Introducing yourself to other people is kind of weird, especially when you’re all sitting in a circle for small group. I mean, what do you normally tell a stranger, other than your name, which they will probably forget–especially if you’re with a bunch of other people? Hello, my name is Grace. Hi… I’m Chris. Jerry. Susan. I’m Megan. Uh, Steve. I’m Ellen? Jack Anderson. Greg from Havertown. Jessica… Hi I’m Ben. And I’m Kevin. You get the idea, it can be a little overwhelming. At one point in time, I used to repeat a well-rehearsed paragraph of information to others when I introduced myself to them:

“Hi, I’m Grace… I was born on the 7th day of the 7th month in the 7th year of 1980; I weight 7 pounds and the first letter of my first name is the 7th letter of the alphabet.”

If they didn’t remember me for my pretentiousness, they would have at least remembered me for all those sevens. It’s been a few years since I’ve pulled that riff off on anyone (I started to feel stupid; though it makes for good trivia). I’ve had people come up to me and tell me how lucky I must be; superstitious folks who’d gaze at me as if I were a talisman, old Chinese people who’d grin and remark that it must be because I was born in the year of the Rabbit. Weird, right? I guess I asked for it, for not having been able to shut up about myself. Oh well.

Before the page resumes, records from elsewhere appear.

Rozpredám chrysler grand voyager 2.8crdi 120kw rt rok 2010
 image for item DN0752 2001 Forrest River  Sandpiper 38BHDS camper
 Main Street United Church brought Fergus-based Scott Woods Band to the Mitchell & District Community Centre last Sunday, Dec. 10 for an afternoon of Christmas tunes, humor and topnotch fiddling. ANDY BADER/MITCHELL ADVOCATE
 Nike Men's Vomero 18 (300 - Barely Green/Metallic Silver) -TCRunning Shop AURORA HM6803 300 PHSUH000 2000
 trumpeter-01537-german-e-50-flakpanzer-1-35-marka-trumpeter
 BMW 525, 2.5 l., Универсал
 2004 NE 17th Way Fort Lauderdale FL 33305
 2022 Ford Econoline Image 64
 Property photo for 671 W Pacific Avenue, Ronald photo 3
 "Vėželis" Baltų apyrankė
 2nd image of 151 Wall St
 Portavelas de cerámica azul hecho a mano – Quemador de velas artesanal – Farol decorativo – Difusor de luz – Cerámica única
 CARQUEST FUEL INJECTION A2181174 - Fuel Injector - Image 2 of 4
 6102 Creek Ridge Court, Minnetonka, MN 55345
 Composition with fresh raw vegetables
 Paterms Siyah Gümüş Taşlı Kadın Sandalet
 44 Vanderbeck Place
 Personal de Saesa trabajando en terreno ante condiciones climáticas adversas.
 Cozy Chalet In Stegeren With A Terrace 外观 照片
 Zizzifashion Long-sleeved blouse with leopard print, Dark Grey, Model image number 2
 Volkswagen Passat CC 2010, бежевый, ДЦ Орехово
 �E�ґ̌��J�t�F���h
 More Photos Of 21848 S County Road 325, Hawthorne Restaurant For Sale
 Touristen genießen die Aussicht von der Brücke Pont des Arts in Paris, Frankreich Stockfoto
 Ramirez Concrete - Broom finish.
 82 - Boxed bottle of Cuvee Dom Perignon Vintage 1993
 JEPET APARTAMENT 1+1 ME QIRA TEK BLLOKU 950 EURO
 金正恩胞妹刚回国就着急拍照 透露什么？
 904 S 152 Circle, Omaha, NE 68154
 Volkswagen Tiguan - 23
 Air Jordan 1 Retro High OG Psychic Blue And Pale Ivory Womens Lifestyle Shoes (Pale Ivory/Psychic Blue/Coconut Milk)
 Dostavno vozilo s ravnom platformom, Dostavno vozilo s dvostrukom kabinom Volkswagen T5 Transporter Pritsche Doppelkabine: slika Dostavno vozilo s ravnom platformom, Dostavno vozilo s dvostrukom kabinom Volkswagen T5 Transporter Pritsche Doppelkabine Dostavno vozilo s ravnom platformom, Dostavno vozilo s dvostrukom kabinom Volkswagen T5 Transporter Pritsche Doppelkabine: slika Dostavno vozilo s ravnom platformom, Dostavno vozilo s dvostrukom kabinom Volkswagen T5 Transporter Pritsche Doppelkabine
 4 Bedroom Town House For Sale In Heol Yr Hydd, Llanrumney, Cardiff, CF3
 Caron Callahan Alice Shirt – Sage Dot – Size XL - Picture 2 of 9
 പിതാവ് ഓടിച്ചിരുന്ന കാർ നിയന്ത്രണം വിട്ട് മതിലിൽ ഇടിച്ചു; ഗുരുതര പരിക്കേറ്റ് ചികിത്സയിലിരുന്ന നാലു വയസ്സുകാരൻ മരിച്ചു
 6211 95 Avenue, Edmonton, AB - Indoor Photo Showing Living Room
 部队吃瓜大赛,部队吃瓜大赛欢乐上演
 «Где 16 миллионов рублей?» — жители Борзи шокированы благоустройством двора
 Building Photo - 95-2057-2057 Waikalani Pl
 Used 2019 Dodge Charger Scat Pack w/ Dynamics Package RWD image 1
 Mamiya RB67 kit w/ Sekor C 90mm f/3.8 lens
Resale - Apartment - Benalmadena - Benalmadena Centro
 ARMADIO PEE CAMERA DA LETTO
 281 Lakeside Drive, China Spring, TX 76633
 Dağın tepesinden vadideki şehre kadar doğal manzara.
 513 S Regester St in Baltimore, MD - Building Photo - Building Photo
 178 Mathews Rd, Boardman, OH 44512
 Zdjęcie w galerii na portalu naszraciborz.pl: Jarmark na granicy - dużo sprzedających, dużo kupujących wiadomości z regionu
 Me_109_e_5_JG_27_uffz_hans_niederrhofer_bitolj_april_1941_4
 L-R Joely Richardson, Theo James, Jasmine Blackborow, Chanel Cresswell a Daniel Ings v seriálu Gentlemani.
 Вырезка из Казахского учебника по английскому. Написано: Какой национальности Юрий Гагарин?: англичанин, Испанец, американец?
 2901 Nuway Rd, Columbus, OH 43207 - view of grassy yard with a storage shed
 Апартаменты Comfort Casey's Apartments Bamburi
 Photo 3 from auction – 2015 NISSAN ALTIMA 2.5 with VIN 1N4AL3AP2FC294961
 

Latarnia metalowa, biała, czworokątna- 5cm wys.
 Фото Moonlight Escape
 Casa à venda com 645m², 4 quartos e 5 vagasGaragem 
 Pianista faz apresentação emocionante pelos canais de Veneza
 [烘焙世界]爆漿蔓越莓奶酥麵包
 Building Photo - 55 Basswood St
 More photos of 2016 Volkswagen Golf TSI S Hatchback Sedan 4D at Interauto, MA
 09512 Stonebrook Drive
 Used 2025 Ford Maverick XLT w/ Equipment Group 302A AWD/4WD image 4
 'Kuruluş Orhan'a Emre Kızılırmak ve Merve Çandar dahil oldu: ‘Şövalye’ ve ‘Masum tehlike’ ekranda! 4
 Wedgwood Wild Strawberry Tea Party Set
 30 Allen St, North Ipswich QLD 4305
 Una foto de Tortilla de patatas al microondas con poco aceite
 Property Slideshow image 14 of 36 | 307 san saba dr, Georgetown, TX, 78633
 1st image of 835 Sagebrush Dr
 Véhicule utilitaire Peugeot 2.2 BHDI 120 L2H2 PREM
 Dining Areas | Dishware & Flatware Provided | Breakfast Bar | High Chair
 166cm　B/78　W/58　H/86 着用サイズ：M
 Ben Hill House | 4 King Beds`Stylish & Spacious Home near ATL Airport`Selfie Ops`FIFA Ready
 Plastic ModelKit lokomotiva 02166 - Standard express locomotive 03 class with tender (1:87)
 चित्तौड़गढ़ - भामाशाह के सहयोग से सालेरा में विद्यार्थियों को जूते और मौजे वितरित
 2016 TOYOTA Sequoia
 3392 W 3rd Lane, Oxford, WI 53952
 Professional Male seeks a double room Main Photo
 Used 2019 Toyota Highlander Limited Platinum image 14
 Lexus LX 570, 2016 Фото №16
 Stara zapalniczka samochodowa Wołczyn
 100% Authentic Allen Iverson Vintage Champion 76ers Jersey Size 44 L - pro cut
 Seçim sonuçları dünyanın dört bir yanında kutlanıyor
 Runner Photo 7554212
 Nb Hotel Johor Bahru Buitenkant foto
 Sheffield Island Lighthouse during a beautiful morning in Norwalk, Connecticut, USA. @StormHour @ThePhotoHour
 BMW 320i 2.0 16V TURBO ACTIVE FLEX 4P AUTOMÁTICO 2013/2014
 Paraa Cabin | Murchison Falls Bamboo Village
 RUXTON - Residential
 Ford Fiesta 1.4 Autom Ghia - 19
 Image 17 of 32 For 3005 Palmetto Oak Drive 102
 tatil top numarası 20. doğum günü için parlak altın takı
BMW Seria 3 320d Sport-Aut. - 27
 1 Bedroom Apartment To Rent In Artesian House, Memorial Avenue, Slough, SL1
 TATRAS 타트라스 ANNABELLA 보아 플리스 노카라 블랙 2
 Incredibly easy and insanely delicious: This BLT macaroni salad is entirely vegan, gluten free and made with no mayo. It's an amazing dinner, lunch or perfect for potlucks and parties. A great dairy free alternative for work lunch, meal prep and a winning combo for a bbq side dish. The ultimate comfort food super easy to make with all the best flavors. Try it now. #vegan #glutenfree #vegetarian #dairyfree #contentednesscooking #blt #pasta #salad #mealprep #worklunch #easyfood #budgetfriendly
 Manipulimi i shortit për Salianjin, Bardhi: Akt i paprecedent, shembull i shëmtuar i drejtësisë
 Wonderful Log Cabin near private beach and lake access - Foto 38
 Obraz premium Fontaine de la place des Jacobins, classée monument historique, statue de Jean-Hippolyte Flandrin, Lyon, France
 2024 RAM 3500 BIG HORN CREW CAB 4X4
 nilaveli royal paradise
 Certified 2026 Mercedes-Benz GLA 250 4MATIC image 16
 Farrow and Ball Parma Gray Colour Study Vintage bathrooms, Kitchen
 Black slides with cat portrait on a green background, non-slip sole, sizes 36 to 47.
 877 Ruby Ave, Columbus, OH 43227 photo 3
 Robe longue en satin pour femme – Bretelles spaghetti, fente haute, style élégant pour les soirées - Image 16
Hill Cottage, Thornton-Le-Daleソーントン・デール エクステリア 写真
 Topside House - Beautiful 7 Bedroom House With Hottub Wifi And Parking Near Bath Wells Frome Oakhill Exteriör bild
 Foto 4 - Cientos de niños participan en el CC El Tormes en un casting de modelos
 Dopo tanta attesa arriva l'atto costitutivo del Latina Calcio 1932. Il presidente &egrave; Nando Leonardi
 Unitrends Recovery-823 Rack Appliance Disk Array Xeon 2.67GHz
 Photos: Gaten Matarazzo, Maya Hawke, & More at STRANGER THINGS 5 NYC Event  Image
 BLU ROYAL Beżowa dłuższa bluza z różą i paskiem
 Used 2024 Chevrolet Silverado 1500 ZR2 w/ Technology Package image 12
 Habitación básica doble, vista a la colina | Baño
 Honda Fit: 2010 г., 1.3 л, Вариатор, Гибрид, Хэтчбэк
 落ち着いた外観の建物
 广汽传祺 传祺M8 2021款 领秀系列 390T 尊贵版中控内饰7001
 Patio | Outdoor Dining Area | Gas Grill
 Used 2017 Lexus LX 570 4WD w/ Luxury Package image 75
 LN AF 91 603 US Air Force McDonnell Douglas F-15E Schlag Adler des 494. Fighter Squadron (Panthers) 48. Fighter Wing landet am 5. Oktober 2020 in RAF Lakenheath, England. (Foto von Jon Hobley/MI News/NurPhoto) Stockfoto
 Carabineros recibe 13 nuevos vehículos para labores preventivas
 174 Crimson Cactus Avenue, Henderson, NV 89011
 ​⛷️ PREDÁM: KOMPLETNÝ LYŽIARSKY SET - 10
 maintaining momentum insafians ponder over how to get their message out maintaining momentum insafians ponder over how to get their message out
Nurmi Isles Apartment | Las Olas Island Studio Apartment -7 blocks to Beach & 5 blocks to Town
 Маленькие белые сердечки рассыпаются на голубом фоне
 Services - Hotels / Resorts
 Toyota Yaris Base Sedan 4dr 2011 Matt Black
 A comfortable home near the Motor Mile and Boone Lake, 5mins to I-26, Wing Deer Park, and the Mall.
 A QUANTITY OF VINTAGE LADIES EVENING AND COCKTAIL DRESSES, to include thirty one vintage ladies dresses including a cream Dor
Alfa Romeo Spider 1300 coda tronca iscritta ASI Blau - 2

I’ve thought about the odds of being born with that many sevens in my life from time to time.  There have definitely been times when I scoffed at the idea of being super-blessed; times when life seemed completely meaningless and without direction.  And there have definitely been times when I smiled inwardly out of recognition for the super blessings that I’ve been given; times when I have been graced to see the beauty of God’s love.  With the year of 2007 closing in on the world, I couldn’t help but smile as I recollected exploits big and small from my past twelve months of living and breathing air.  This year in and of itself has been one that began in loneliness, confusion and despair: I doubted God’s love more than ever and kept my heart behind iron bars; I lost all sense of who I was and what I was born to do.  But with the incredible gift of time and grace, God–who never ceased to love me and to accept me for who I was–gradually showed me the way in which I was supposed to climb.  Miracles happened, friendships made, favor gained, opportunities opened, wisdom abounded, relationships redeemed; I was being restored.  I saw more of my weaknesses, more of my strengths; I found the voice that I never thought I’d find and stood up for things like truth and justice, love and hope.  I learned how to fight for what I love, those whom I love; I learned how to claim victories that which were mine in Christ.  Not that any of these are mastered, of course.  No… this is just the beginning.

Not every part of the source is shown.